Nov 20, 18 / Sag 16, 02 15:53 UTC
General News: Nov 20 ¶
Astronomers have found evidence for what’s known as a “super-Earth” orbiting around the well known Barnard’s star, a small, faint dwarf star situated only about six light-years away. Even though experts don’t know what this possible planet looks like, but because it is so close its an ideal target for future telescopes to study as they search for extraterrestrial life.
Their finding was outlined in the journal Nature and notes another planet discovered around a relatively close star. Two years ago, astronomers also claimed to find a small, rocky world around Proxima Centauri, which is the nearest star to our Solar System sitting at a mere 4.2 light-years away. Thus, we now have two possible planetary systems situated right next door, which helps boost the idea that our galaxy might be filled with planets.

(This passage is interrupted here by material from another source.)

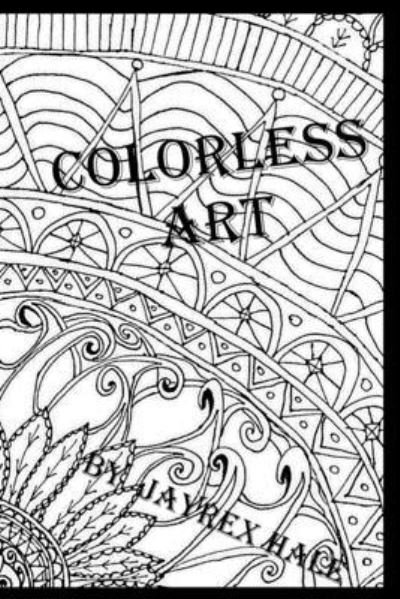Cover for Jayrex Hale · Colorless Art (Taschenbuch) (2016)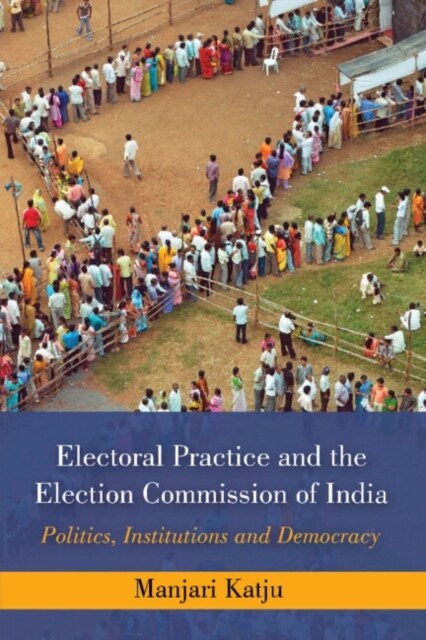Electoral Practice and the Election Commission of India : Politics, Institutions and Democracy (Hardcover)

What’s more, a planet orbiting Barnard’s star is one that we could see eventually. Although experts have detected thousands of planets outside our Solar System, most of these worlds — called exoplanets — are often impossible to observe directly using current telescope technology. They’re so far away that the light from their host stars completely obscures them. However, current telescopes have an easier time seeing planets around nearby stars, such as Barnard’s star. Thus, soon, we could potentially distinguish the light reflected from this planet from the light of its host star, mainly as bigger and more sophisticated observatories are established in the 2020s.
In other news, NASA has selected Jezero Crater as the landing site for their upcoming Mars 2020 rover mission after a five-year search. This search involved scrutinizing and debating every available detail of over 60 candidate locations on Mars by the mission team and the planetary science community.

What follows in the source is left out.